Would you retype the lines from the one that holds "Used 2026 Hyundai Elantra Sport FWD image 15" to the final line of the entries below, both ends included and exactly as written, but without pictures?

Crawled caption data:
______

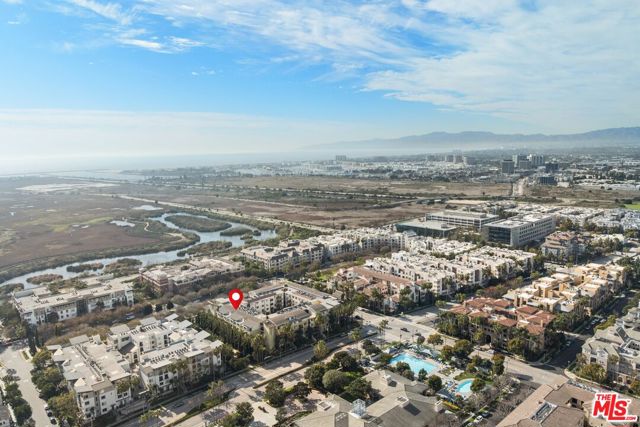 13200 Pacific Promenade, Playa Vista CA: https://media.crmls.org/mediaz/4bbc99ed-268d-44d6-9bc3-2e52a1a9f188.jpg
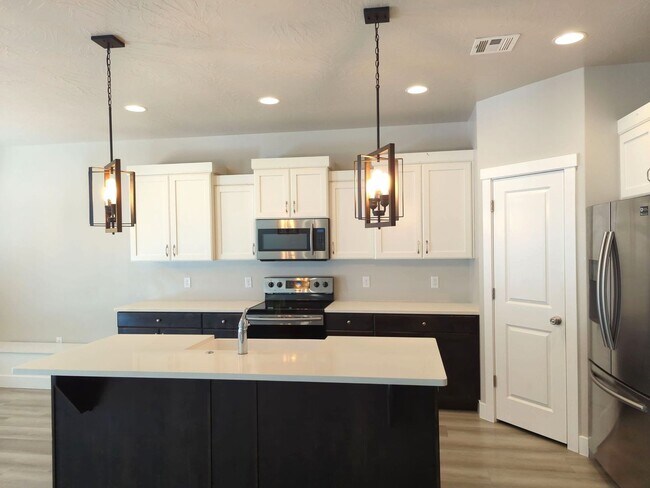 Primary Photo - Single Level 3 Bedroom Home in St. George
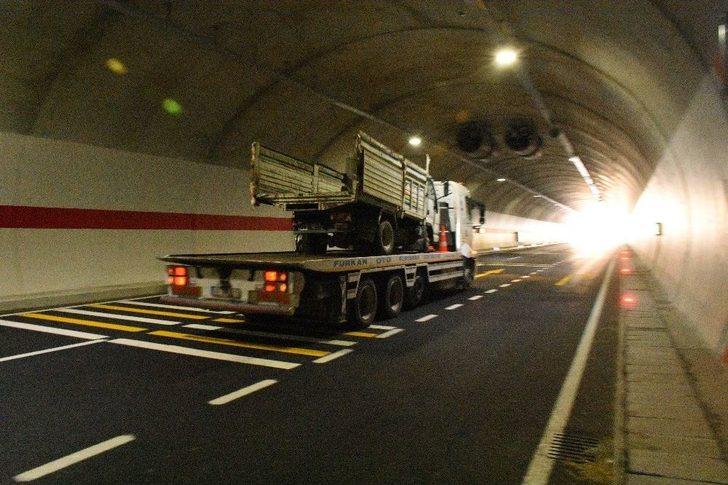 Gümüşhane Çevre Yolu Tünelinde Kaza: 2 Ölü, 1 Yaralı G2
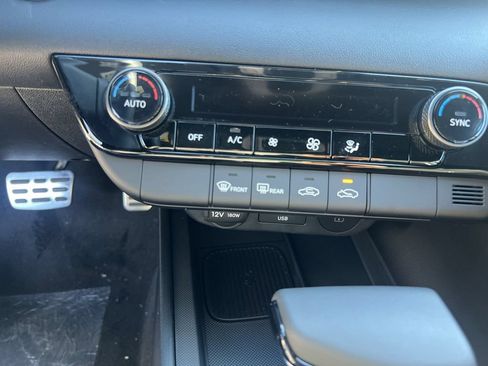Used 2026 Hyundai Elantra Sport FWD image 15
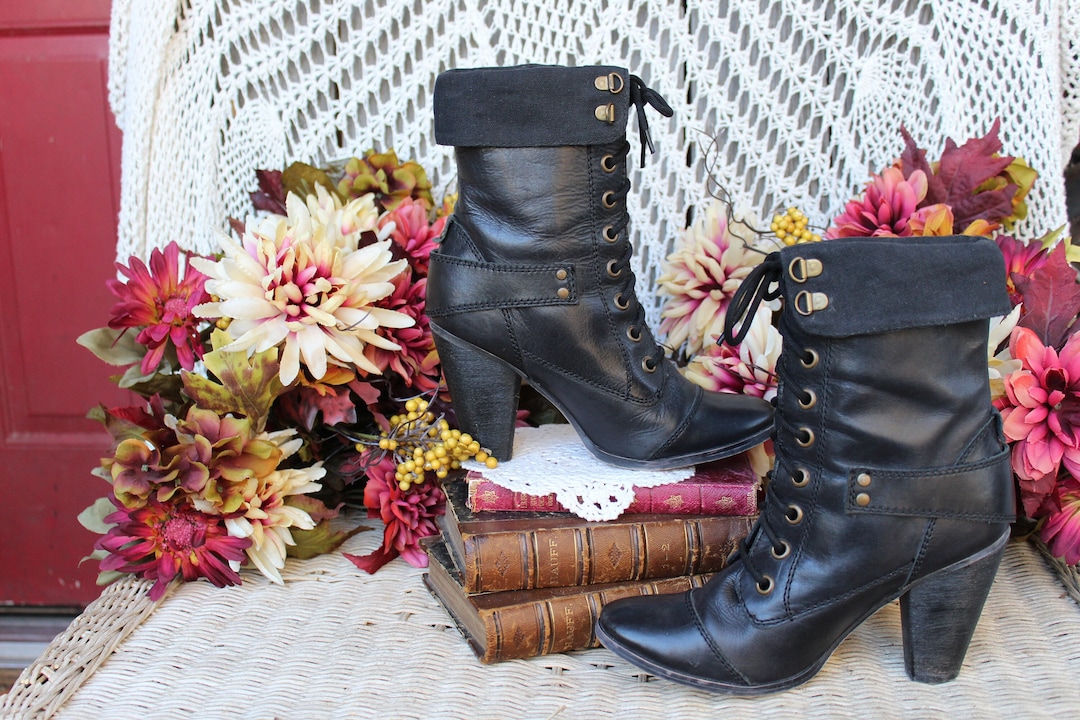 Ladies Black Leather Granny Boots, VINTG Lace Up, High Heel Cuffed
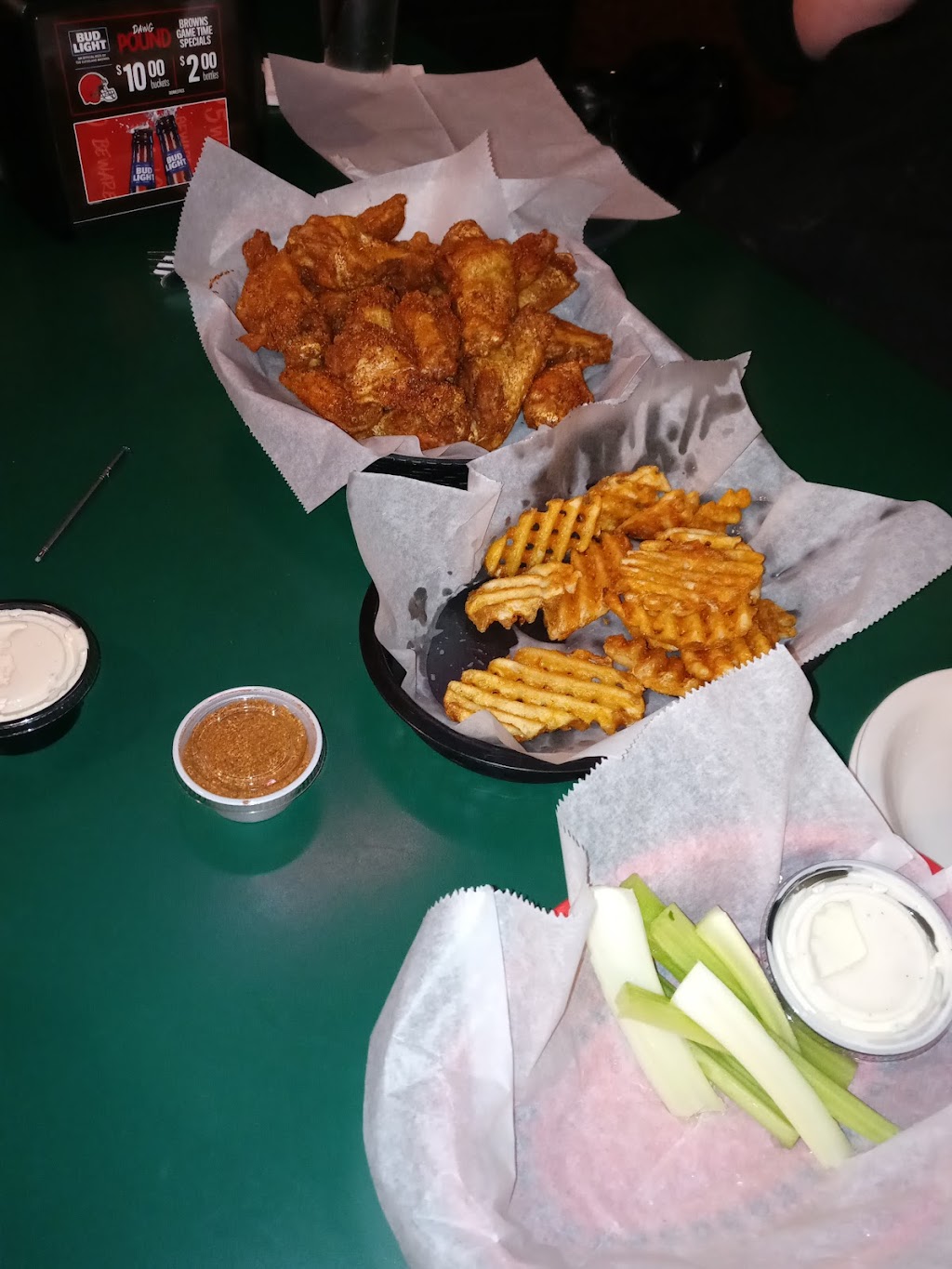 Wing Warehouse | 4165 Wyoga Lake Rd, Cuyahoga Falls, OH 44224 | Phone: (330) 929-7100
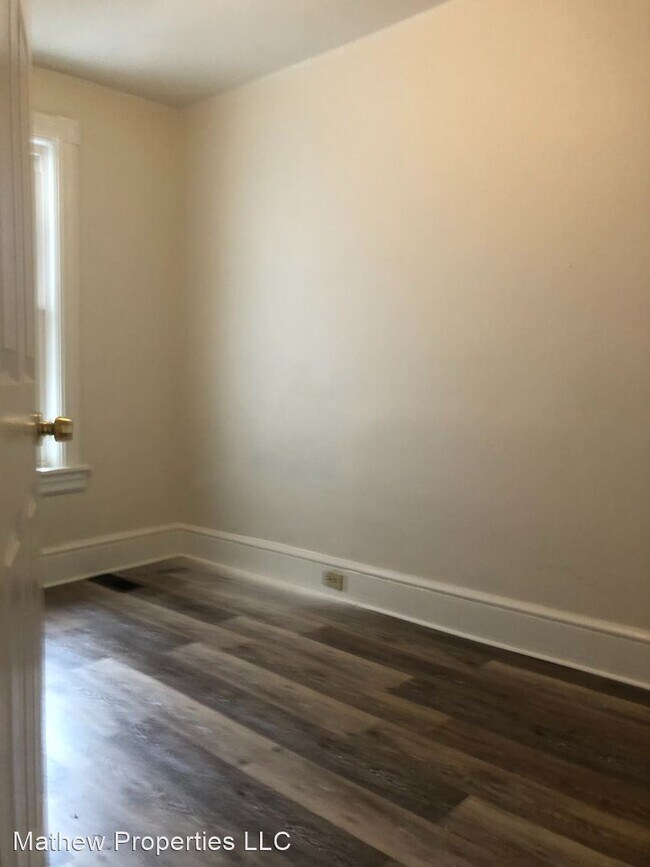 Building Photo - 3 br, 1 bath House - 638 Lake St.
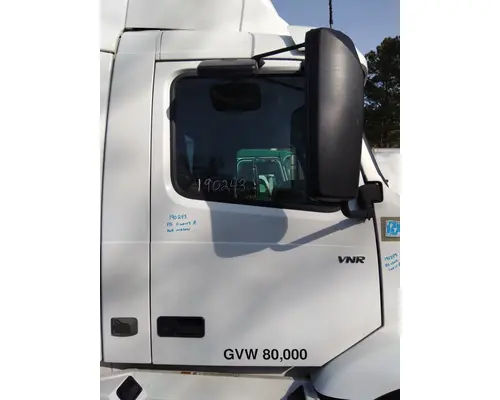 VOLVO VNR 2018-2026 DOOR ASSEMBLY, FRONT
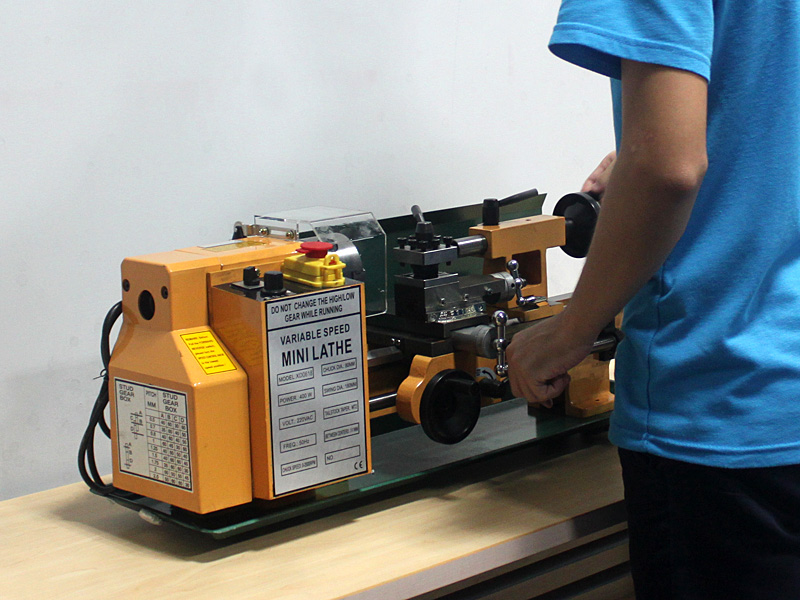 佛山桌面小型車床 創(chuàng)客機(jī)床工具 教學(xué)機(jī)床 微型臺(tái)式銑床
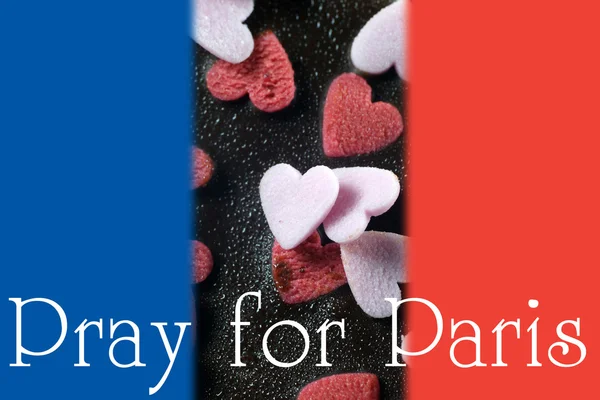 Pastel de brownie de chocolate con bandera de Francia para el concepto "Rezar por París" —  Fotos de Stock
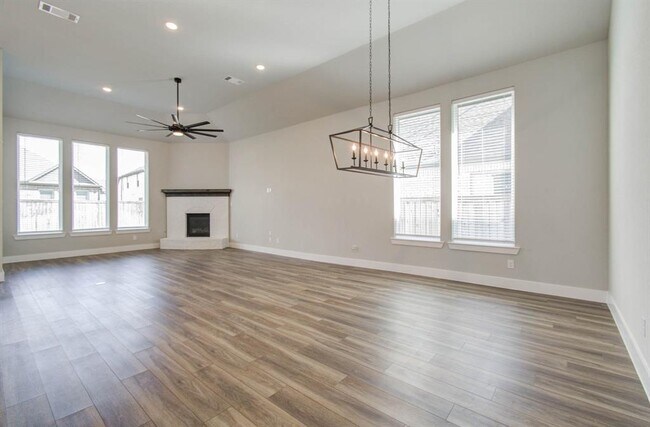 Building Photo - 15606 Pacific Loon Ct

______

Output:
Used 2026 Hyundai Elantra Sport FWD image 15
 Ladies Black Leather Granny Boots, VINTG Lace Up, High Heel Cuffed
 Wing Warehouse | 4165 Wyoga Lake Rd, Cuyahoga Falls, OH 44224 | Phone: (330) 929-7100
 Building Photo - 3 br, 1 bath House - 638 Lake St.
 VOLVO VNR 2018-2026 DOOR ASSEMBLY, FRONT
 佛山桌面小型車床 創(chuàng)客機(jī)床工具 教學(xué)機(jī)床 微型臺(tái)式銑床
 Pastel de brownie de chocolate con bandera de Francia para el concepto "Rezar por París" —  Fotos de Stock
 Building Photo - 15606 Pacific Loon Ct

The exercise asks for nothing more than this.